*Data*:
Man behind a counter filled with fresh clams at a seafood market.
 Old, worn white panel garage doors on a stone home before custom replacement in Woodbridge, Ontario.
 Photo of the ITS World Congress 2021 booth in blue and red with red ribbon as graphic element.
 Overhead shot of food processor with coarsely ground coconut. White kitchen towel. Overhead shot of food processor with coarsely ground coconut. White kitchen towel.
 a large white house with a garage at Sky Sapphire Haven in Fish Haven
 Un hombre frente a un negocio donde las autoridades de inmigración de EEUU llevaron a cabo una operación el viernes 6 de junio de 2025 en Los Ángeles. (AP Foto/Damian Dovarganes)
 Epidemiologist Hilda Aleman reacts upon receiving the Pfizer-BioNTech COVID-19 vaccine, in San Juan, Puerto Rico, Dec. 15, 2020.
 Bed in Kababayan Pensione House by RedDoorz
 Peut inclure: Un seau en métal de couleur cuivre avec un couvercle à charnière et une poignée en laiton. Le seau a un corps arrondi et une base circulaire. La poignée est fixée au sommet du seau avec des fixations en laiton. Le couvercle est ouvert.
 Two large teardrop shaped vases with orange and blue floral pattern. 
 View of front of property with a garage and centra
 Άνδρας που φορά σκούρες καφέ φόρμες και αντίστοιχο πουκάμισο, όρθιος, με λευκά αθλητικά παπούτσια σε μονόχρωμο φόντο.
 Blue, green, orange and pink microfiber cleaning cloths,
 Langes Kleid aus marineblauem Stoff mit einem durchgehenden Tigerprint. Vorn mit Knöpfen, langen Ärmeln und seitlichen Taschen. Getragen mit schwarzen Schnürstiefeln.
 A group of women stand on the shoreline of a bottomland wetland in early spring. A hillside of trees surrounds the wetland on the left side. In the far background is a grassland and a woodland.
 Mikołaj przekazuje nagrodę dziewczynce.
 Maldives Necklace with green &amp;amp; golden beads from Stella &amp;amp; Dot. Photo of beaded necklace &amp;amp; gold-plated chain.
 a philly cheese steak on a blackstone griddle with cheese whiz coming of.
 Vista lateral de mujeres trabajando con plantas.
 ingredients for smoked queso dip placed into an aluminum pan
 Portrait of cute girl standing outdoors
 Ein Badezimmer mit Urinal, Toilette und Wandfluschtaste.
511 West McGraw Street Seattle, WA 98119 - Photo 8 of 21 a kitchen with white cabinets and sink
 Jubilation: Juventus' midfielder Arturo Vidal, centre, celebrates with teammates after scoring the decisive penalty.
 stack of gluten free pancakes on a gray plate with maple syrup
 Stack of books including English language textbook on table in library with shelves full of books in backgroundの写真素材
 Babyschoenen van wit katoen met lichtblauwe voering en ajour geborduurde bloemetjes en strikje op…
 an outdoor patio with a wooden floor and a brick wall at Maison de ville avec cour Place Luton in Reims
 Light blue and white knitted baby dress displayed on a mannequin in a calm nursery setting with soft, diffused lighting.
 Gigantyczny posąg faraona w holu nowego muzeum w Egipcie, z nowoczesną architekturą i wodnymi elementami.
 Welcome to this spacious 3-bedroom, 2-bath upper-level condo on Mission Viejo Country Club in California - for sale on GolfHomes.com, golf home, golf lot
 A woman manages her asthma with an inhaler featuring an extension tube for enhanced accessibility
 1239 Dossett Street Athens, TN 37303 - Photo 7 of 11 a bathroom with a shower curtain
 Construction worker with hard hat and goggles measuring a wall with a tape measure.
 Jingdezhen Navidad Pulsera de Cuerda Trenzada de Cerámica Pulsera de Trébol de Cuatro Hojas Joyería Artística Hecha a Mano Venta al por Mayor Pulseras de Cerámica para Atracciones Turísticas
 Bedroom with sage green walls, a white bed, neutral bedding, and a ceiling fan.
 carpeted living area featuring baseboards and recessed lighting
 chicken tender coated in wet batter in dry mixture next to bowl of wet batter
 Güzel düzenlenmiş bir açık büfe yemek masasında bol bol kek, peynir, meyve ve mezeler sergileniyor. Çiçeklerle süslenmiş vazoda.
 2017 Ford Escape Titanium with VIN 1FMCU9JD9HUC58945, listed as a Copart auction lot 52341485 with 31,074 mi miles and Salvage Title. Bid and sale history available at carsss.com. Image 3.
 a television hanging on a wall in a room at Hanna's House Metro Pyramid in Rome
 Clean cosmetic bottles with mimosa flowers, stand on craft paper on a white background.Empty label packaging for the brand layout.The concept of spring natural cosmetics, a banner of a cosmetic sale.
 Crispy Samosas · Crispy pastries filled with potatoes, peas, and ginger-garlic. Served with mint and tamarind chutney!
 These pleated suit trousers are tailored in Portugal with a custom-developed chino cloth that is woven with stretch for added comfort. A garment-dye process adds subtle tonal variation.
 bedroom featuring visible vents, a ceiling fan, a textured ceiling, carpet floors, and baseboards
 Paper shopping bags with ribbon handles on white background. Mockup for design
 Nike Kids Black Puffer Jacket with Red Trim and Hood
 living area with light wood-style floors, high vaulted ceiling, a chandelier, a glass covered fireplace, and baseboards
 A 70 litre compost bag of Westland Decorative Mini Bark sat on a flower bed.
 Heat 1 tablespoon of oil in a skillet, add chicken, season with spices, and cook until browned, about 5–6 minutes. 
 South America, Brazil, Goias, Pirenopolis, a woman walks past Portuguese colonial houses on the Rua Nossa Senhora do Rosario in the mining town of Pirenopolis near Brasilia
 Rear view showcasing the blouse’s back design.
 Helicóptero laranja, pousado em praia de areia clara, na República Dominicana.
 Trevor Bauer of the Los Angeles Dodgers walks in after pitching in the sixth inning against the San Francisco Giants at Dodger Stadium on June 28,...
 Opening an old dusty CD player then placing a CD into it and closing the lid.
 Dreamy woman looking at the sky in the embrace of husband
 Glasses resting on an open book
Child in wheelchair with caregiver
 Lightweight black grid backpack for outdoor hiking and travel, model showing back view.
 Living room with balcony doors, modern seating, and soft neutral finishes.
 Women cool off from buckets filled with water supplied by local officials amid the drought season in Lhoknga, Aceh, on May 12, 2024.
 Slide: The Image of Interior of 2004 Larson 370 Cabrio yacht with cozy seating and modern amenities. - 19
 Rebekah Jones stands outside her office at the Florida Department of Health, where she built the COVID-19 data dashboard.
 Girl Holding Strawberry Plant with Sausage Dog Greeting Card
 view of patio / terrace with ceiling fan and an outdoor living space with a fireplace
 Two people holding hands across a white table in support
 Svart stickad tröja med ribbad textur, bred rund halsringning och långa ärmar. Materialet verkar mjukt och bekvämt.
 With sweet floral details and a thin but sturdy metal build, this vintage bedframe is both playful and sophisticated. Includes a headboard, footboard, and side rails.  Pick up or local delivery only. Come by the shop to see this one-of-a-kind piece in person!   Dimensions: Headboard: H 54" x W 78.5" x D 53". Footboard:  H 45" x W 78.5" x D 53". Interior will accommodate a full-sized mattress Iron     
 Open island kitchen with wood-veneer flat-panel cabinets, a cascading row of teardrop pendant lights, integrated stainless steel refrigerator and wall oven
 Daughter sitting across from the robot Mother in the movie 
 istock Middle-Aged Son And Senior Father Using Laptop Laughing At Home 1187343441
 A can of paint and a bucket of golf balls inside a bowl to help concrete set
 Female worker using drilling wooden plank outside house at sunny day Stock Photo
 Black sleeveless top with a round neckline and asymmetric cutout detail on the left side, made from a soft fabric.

*Task to complete*: How many lines in the records above contain the word "floral"? Give only the number.

*Answer for the task*: 2